Originally featured in Points West magazine in Summer 1998
By Christine Houze
Former Curatorial Assistant, Buffalo Bill Museum
Ed. note: The source materials for the following article are clippings in the Annie Oakley scrapbooks in the McCracken Research Library, and a telephone interview with Dorothy Ulrich, who, as a child, met the famous sharpshooter.
Annie Oakley made target shooting respectable for ladies. A combination of charm, femininity, and remarkable skill made her a role model for women and girls who saw her perform. When asked if women could shoot as well as men, she answered, “Sex makes no difference…it is largely a matter of determination and practice that make good marksmen and women. Individual for individual, women can shoot as well as men.” Annie’s personal mission was to teach women and girls how to shoot and, in the process, she taught thousands.
Performing with the Wild West show was only seasonal employment. To supplement her income, Annie often competed against men in shooting matches. Wives on the sidelines asked Annie to give them shooting lessons. Quick to realize their avid interest, Annie began to give lessons in the use of rifles, shotguns, and revolvers “to ladies only.” She did not lack for pupils. With genuine sincerity she wrote to President McKinley in 1898 as war loomed with Spain, offering “to place a company of fifty lady sharpshooters at your disposal. Every one of them will be an American and as they will furnish their own arms and ammunition will be little if any expense to the government.” The Secretary of War dismissed her offer.

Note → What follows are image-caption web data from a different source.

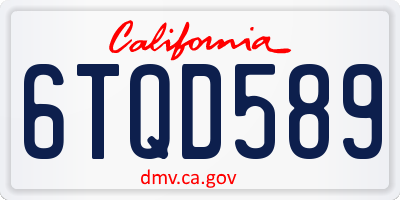 CA license plate 6TQD589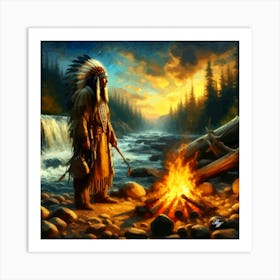 Oil Texture Native American Warrior 3 Copy Art Print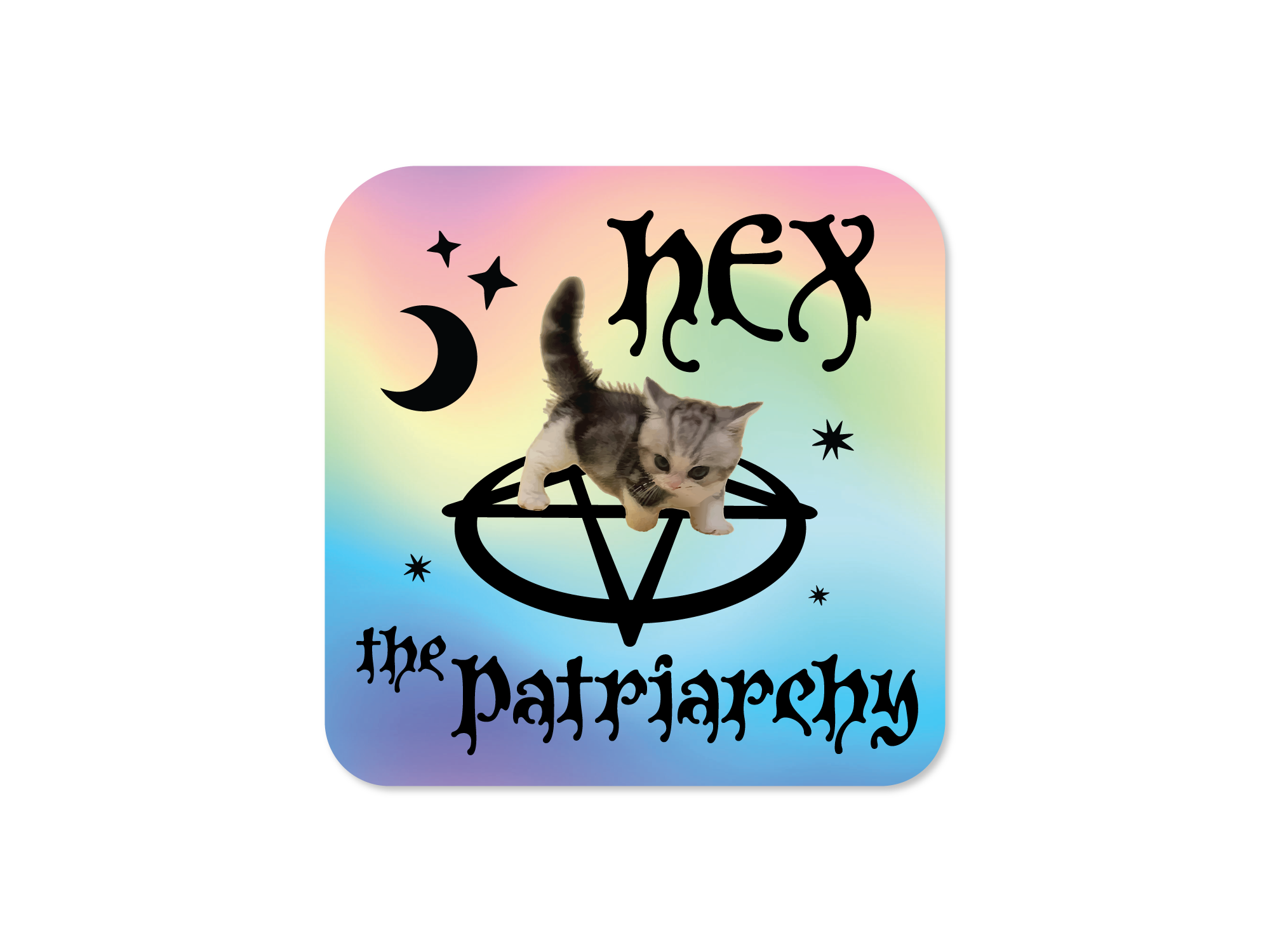 Sticker with a cat, pentagram, and text 'Hex the patriarchy' on a rainbow gradient background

After a train accident in 1901, Annie left the Wild West show. Her injuries were serious but she resumed giving exhibitions and teaching as soon as she recovered. In the fall of 1915 Annie and her husband, Frank Butler, joined the staff of the elite Carolina Hotel in Pinehurst, North Carolina. Frank, an expert marksman, was in charge of the shooting range while Annie gave lessons and exhibitions. During the 1916–17 season, she coached and instructed 3,500 of Pinehurst’s guests. In the summers, she was employed by the posh Wentworth Hotel near Portsmouth, New Hampshire. “I have been teaching women to shoot for many years at Wentworth in summer and Pinehurst in winter, without compensation because I had an ideal for my sex. I have wanted them to be capable of protecting their homes.”

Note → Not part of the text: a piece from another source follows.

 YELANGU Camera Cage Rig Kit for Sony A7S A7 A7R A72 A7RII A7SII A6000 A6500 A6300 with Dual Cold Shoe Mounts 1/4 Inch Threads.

Dorothy Ulrich of Richmond, Virginia, met Annie Oakley at the Wentworth. Dorothy was only 4 or 5 years old but the famous Annie Oakley made an indelible impression on her. “I liked her very much. She was very nice to me and told me when I got bigger she would teach me to shoot.” Annie did teach Dorothy’s mother to shoot. Her mother, Alice Smith Ulrich, came from a family of great shots, all men. Women simply didn’t do such a thing. But Dorothy’s father, George Ulrich, thought it was a fine idea that his wife learned how to shoot. Dorothy later learned as well. Looking back, Dorothy thinks it was ironic that many of the proper society matrons who couldn’t resist Annie Oakley because she was so famous really didn’t approve of her because she was an entertainer.
By 1922 at Pinehurst, Annie had instructed more than 10,000 women and girls. “She is an admirable teacher…. Her method is original and unique, the first lesson always consists of the proper handling of firearms without a shot being fires, cautions and safety firsts are generously meted out; her great asset being commonsense and patience.”
Annie Oakley made a place for herself and thousands of other women in the masculine world of shooting. Of her life’s passion she said, “…if there is any sport or recreation more conducive to good health and long life than shooting, I do not know what it is. Why spend the afternoon at the bridge table, sipping tea, when there always is a gun club near where you may shoot at the targets? I know from experience that the woman will be welcome guest.”
Women shooters today owe Annie Oakley a 21-gun salute.